→ **Materials provided**:
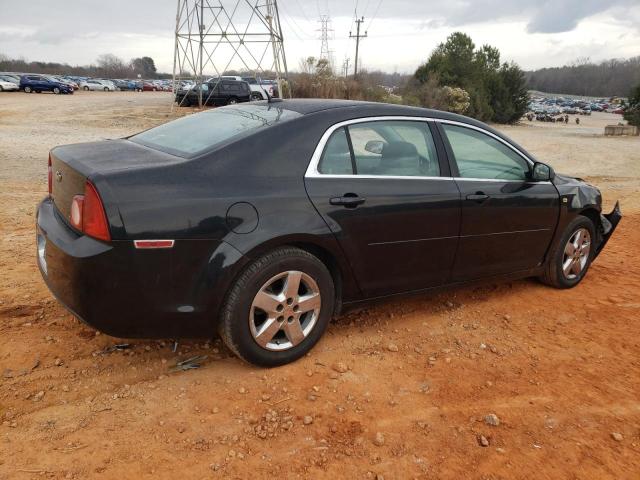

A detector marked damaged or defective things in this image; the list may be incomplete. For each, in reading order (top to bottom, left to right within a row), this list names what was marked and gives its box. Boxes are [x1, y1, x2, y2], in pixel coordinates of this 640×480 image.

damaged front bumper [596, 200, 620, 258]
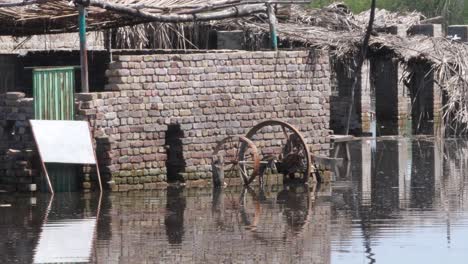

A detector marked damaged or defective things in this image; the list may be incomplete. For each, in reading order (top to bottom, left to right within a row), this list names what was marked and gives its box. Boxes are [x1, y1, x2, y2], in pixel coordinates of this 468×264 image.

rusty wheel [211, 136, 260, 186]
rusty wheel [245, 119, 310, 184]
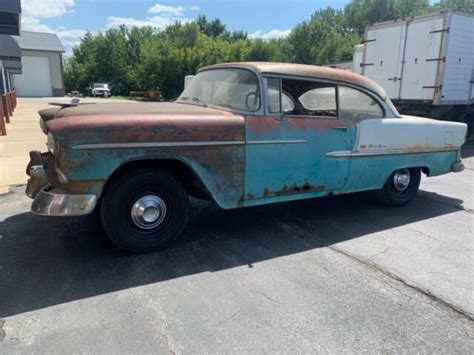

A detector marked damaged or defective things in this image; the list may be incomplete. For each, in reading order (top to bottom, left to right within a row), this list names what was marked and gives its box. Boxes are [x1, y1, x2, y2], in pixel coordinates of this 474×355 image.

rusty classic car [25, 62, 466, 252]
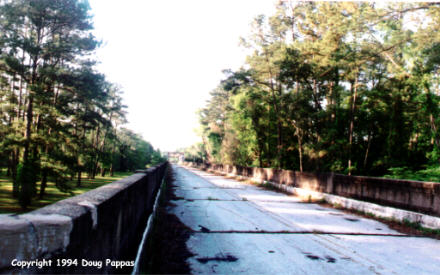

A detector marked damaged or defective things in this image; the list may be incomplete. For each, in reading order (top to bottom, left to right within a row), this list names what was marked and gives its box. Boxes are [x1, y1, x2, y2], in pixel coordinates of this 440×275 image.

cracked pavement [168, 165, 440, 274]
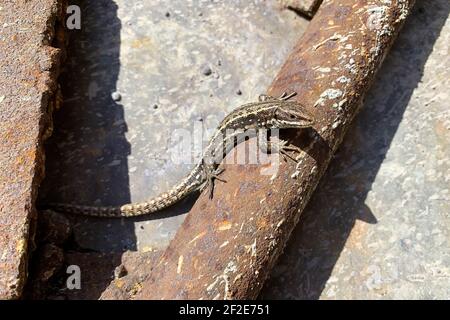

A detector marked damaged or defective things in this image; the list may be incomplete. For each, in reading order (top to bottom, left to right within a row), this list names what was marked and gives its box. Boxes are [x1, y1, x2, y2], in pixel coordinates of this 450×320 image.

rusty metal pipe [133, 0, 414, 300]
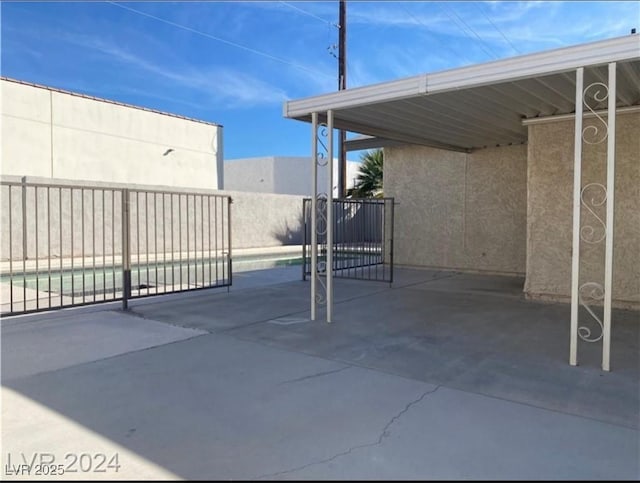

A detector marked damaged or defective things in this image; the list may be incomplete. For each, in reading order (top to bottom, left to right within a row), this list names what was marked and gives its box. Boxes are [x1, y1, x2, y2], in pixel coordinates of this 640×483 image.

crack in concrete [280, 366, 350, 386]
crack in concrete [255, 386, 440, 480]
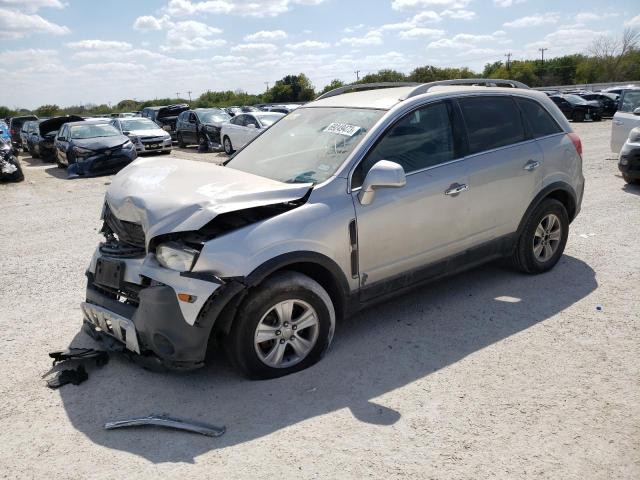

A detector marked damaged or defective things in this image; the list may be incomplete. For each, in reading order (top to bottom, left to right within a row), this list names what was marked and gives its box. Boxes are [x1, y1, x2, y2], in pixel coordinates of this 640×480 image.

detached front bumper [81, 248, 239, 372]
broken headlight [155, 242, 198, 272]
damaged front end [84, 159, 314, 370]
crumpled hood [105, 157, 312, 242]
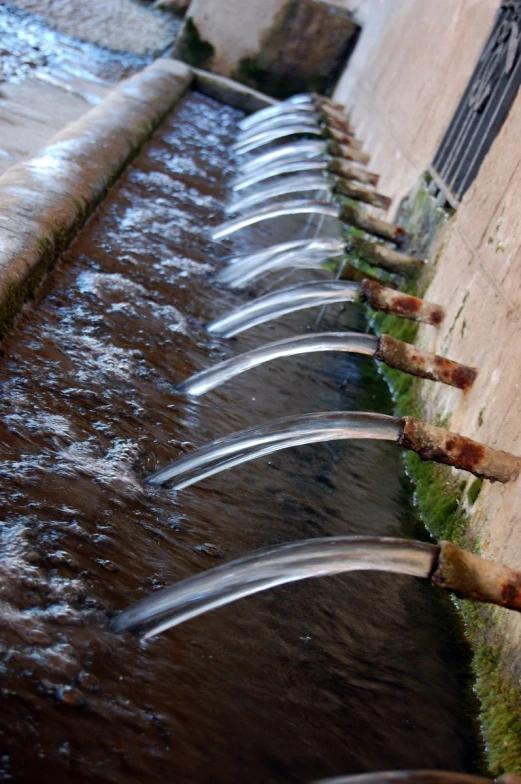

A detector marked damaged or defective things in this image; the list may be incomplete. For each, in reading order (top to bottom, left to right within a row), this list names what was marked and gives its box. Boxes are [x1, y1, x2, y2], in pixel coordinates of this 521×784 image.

--

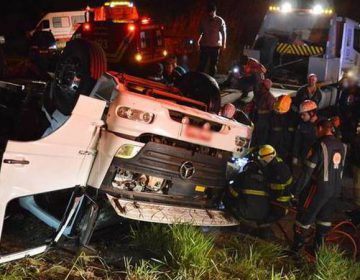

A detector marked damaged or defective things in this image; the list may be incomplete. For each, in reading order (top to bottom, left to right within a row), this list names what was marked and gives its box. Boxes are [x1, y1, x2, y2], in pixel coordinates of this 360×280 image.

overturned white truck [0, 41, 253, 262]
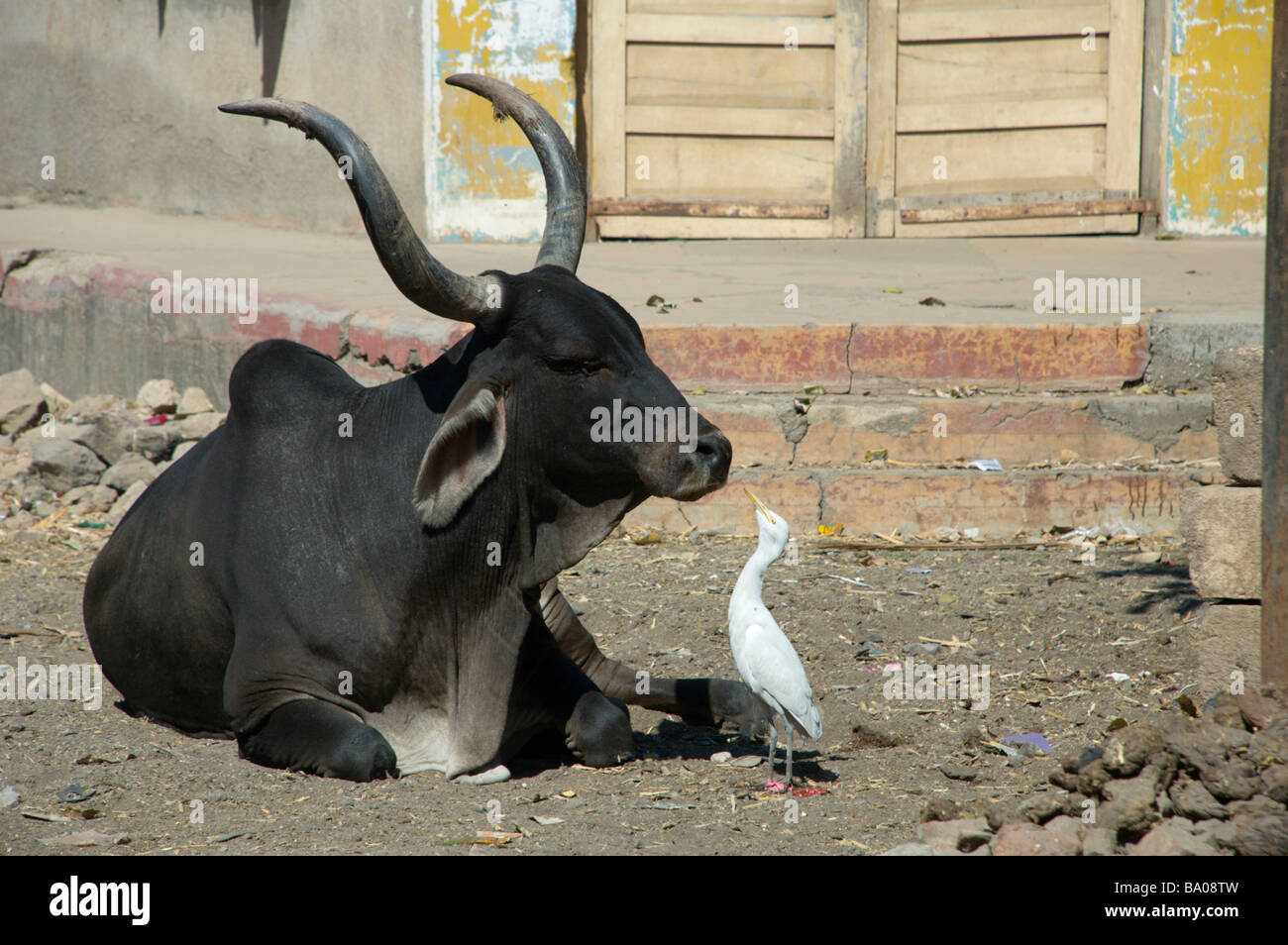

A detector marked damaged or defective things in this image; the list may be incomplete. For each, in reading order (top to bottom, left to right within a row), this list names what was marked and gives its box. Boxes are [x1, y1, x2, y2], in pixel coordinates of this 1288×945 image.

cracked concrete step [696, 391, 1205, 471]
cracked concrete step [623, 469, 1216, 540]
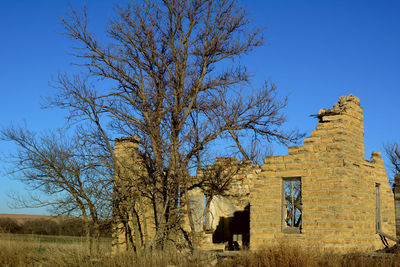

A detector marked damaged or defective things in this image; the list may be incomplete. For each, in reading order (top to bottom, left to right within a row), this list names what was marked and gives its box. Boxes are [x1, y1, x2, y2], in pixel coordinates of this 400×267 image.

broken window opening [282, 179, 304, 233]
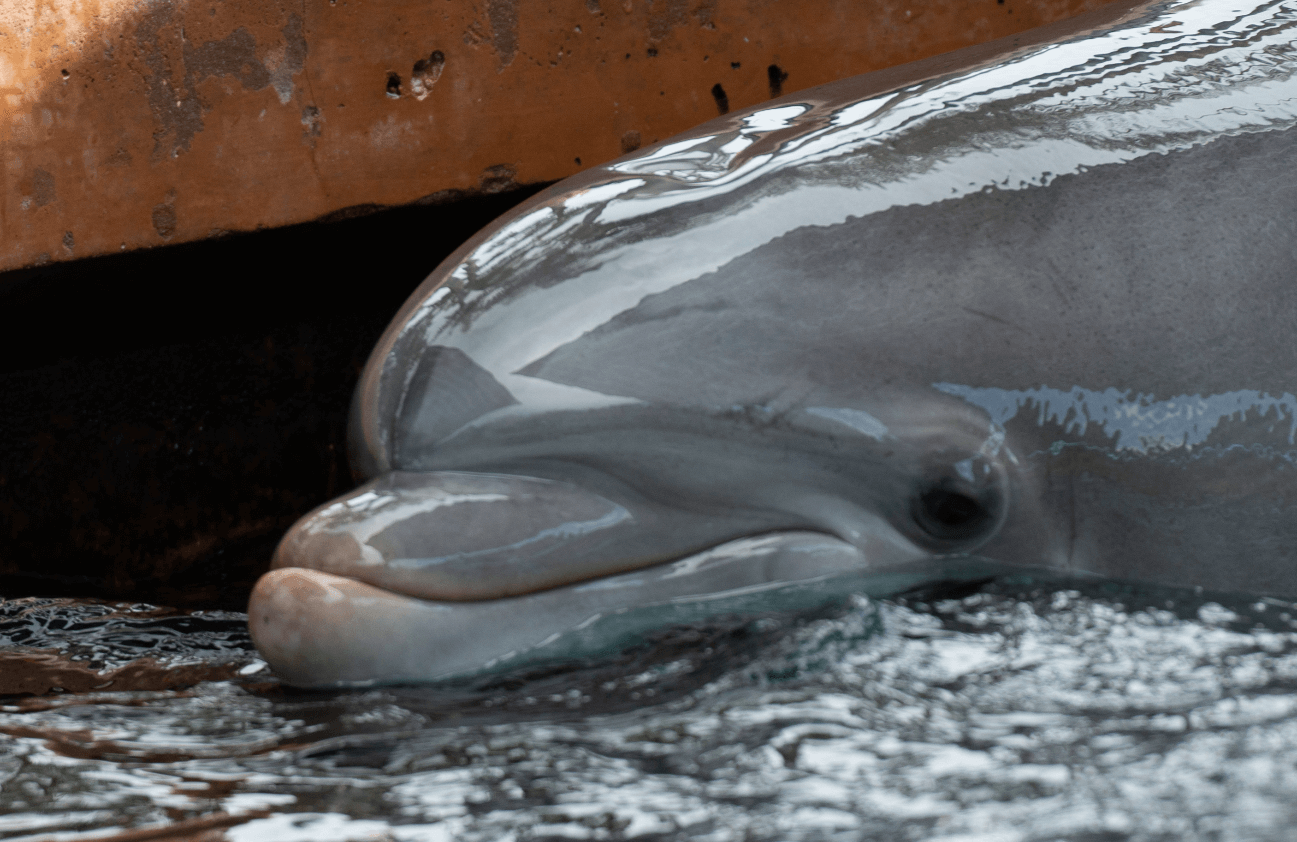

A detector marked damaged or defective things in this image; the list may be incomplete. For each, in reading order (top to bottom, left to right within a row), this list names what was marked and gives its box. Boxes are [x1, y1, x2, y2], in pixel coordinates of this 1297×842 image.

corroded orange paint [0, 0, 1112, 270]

→ **Goal of the exercise**:
What do the entries above read from the line containing "this 640×483 image." through the line containing "this 521×784 image."? Output those lines exactly, both ends included, with the pictures left out.

→ **Response to the exercise**:
A detector marked damaged or defective things in this image; the list may be incomplete. For each, in reading order (top to bottom, left to right within a row), this list names what was marked and gives its box. Boxes are [x1, y1, x2, y2], in pixel coordinates of this 640×483 image.

crack in concrete [280, 366, 350, 386]
crack in concrete [255, 386, 440, 480]

A detector marked damaged or defective things in this image; the list may be incomplete. For each, in reading order (top to bottom, left to right within a row), this list names what was marked and gives its box. Boxes are [x1, y1, x2, y2], in pixel coordinates of this 640×480 image.

detached front bumper [81, 248, 239, 372]
broken headlight [155, 242, 198, 272]
damaged front end [84, 159, 314, 370]
crumpled hood [105, 157, 312, 242]

A detector marked damaged or defective things in this image; the list may be incomplete. For each, in reading order (top to bottom, left to right within a row), this list names what was marked and gives its box. Boxes are [x1, y1, x2, y2], in pixel coordinates of this 521×784 image.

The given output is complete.